Syria takes center stage as the world’s current flashpoint as negotiations over its future start and both the U.S. and Russia commit their military to the four and a half year old conflict. What happens next could determine the future of the Middle East, the relationship between the United States and Russia and even the possibility of bringing about some semblance of order to the world.

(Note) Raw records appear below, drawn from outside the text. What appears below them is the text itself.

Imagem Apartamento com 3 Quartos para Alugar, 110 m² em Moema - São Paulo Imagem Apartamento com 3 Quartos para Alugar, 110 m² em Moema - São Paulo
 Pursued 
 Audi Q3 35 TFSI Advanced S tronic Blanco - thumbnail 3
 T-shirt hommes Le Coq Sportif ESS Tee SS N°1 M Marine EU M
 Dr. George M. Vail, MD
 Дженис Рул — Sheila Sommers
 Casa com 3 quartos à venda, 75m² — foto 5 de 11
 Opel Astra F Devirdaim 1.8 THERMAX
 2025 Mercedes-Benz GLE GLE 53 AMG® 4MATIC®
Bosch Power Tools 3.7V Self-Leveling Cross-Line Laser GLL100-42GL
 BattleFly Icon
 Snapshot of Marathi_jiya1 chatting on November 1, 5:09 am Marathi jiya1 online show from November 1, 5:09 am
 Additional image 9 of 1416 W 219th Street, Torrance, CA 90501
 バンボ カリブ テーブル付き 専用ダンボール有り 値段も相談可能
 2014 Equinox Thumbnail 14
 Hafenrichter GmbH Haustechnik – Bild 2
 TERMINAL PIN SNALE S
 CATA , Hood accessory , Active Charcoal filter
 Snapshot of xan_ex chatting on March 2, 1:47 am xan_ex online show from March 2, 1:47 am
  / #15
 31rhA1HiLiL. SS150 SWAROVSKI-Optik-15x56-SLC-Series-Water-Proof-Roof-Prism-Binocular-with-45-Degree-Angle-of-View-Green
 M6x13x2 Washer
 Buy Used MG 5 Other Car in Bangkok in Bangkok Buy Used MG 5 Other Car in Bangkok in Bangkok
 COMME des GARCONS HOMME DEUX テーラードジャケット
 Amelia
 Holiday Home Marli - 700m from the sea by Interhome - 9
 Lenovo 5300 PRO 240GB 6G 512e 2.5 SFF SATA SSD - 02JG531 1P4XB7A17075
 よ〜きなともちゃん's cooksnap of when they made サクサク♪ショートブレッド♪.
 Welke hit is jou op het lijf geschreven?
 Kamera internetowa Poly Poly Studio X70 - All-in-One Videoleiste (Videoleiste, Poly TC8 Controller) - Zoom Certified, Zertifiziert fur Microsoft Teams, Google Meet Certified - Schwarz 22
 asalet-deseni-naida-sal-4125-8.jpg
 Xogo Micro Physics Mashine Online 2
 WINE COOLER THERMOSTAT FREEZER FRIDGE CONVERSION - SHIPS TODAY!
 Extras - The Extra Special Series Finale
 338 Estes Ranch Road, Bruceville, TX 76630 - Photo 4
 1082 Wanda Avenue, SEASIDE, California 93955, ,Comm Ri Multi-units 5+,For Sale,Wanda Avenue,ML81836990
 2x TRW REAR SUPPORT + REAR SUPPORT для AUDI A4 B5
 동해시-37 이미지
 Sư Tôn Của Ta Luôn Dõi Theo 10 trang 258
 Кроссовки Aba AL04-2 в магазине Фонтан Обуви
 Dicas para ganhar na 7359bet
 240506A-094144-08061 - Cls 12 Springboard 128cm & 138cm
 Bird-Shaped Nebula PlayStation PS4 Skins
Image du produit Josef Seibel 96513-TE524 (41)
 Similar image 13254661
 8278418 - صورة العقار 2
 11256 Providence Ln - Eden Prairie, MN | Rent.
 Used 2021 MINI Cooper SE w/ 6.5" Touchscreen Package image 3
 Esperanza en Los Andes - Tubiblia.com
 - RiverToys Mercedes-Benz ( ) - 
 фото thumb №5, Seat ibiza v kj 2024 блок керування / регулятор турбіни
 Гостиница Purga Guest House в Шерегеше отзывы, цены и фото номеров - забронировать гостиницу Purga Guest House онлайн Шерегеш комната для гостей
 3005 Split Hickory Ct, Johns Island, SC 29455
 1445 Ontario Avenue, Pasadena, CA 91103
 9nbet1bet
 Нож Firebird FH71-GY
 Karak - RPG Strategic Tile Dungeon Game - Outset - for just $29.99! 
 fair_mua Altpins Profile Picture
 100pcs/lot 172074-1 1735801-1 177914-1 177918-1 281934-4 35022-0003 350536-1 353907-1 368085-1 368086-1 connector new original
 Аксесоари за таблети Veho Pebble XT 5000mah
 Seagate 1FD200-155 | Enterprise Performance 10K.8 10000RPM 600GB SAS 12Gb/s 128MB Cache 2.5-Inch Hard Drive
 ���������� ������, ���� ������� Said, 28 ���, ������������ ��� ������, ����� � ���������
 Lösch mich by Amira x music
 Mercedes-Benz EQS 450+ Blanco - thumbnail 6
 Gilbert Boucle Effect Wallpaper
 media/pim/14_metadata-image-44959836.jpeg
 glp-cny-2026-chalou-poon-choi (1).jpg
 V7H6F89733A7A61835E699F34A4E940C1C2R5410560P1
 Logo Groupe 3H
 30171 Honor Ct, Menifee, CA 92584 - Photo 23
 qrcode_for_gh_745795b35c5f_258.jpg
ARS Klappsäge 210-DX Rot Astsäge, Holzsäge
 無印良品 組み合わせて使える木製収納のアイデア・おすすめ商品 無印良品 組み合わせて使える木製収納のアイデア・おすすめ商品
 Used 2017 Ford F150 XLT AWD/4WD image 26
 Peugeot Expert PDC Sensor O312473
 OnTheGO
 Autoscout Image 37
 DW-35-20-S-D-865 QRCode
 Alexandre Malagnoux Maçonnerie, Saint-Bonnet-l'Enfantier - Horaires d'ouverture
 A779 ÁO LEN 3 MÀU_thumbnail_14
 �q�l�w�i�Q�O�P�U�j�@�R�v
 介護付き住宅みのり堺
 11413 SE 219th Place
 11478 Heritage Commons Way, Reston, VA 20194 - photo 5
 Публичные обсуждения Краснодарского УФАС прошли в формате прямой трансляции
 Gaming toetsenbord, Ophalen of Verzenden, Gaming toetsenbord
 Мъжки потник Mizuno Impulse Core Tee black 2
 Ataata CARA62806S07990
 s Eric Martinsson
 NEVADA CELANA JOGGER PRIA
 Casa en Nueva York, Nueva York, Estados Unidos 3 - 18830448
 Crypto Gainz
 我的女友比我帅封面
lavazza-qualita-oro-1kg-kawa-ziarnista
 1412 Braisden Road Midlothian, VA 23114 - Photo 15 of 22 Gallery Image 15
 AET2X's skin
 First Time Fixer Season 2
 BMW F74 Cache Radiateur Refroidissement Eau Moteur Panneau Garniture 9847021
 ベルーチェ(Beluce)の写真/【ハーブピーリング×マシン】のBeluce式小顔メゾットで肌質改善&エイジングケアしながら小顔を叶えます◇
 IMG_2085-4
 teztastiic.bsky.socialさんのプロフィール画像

Not just another geo-political tragedy
While I am normally not prone to seeing things in apocalyptic terms, this crisis has demonstrated that it transcends other recent events due to the way that the ongoing agony of Syria is connected to at least five key issues facing the world today. These issues include:
- The relationship between Russia and the United States
- The stability and development of the European Union
- The future of the Turkey, Iraq and the so-called Islamic State
- The increasingly tense situation between Shia and Sunni Islam and the future of the Middle East as a whole
- The ability of the Western Powers to impose some semblance of order on an increasingly complex and multi-polar world
The implications for business will be enormous whatever happens and business leaders should not only pay attention to the unfolding crisis but develop planning options for the different scenarios that may unfold.
A new cold war?
For the first time in many years, Russia and the United States find themselves backing different sides in a civil war and just a few day ago, the U.S. announced that it would send in Special Forces to give advice and training to fighters in Syria in addition to the air strikes it is presently carrying out. On the surface, the Russians and Americans are both in Syria to stop the Islamic State’s continued expansion but the Russian planes have been reportedly striking fighters who are not affiliated with ISIS but are fighting the government of Bashar Al Assad that Russia supports. The Americans are training some of these same groups to help them overthrow Assad and the limited involvement could get out of hand quite quickly.
Millions of refugees
As the war had dragged on, more than 4 million people (according to the United Nations) have fled the conflict and hundreds of thousands of them have been pouring into Europe. Almost alone among her colleagues in the European Leadership, Angela Merkel struck the right tone (in my view) in welcoming the refugees but her initial reaction has given way to closing Germany’s borders and has also provoked a wave of anti immigrant feeling in Germany and across the continent that might cost her party the next election and has given new fuel to the partisans of taking the UK out of the European Union. Without Ms. Merkel in charge, it is unclear if Germany will continue to provide Europe with the leadership it appears to need and without that, than the entire project may start to unravel in the coming years. A deeper question which I addressed in a post on this topic is what does the European project mean if it does not live up to its values and reach out to refugees in their time of need?
Turkey and Kurdistan
In a desperate attempt to halt the flow of immigrants, the EU has reached out to Turkey with the promise of money and eventual admittance into the EU. Turkey meanwhile has also sent its military across the Syrian border in recent weeks but it seems that the target was not ISIS but the Kurdish forces who have been fighting it! In what used to be Iraq, the U.S. works closely with the army of Iraqi Kurdistan, the Pershmerga, who so far seem to be the only local army able to defeat ISIS on the battlefield. While all of this is going on, there was a horrific terrorist bombing in Turkey which the government was quick to blame on Kurdish revolutionaries but that others suspect is in fact a government plot to rouse opinion against the Kurds and cover up its own corruption.
Shia and Sunni
Another way to understand the conflict in Syria is that it pits Iran and Assad’s Shia governments as well as Hezbollah on one side and Saudi Arabia, Bahrain and other Sunni monarchies on the other. ISIS and other rebel groups are Sunni and the religious overtones of the conflict can not be overstated. As discussed last Spring, the conflict in Yemen is possibly the first phase a a larger Shia-Sunni conflict which has the potential to engulf the Muslim middle east in a much wider war. Such a conflict has the potential to not only inflict endless misery and destruction on tens of millions but to potentially disrupt world energy markets and halt the slide in oil prices discussed a couple of weeks ago.
A new world order?
In his newest book, World Order, the 92 year old, former U.S. Secretary of State, Henry Kissinger, makes a sweeping recap of modern history and questions whether the world will be able to build a system of interlocking self interest that will be able to tame the myriad interests, ideologies, and religious logic currently operating across the planet.
In 1936, Spanish troops rose up against the elected government in Spain in a conflict that would become the Spanish Civil War. At the time, the western powers declared to not interfere in what was considered a domestic struggle. The Nationalist rebels did receive material, economic, and military assistance from fascist Italy and Germany and the Republicans received assistance from communist Russia. What also happened during the conflict is that the two sides grew farther and farther apart ideologically as their respective benefactors supported a hardening of Spanish positions according to their own geo-political world views and designs. The nationalists became more fascist and the republic more communist as a direct result of their funding sources.
Many historians believe that the result of the civil war in Spain led directly to the trauma and agony of World War II. My concern is that our approach to Syria may have the same level of consequences if not done very carefully!